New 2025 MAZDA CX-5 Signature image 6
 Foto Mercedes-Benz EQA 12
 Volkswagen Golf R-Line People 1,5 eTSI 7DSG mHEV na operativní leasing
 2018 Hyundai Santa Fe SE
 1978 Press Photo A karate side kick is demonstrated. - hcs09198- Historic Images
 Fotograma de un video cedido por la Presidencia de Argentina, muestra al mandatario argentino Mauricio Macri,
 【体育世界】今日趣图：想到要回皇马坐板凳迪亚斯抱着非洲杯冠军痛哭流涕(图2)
------------------------------
● What is required:
Restate the listing above in full, exactly.

● Completed exercise:
New 2025 MAZDA CX-5 Signature image 6
 Foto Mercedes-Benz EQA 12
 Volkswagen Golf R-Line People 1,5 eTSI 7DSG mHEV na operativní leasing
 2018 Hyundai Santa Fe SE
 1978 Press Photo A karate side kick is demonstrated. - hcs09198- Historic Images
 Fotograma de un video cedido por la Presidencia de Argentina, muestra al mandatario argentino Mauricio Macri,
 【体育世界】今日趣图：想到要回皇马坐板凳迪亚斯抱着非洲杯冠军痛哭流涕(图2)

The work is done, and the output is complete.